● Exercise objective:
Your reply should be made up of every line in the records below that holds the string "door".

● Material shown:
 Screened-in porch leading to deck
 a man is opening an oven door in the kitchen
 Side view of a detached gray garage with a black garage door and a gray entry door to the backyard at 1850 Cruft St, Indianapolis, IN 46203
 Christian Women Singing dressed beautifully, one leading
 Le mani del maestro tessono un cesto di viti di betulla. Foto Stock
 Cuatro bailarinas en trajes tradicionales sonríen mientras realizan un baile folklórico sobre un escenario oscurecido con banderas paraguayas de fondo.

● Task response:
 a man is opening an oven door in the kitchen
 Side view of a detached gray garage with a black garage door and a gray entry door to the backyard at 1850 Cruft St, Indianapolis, IN 46203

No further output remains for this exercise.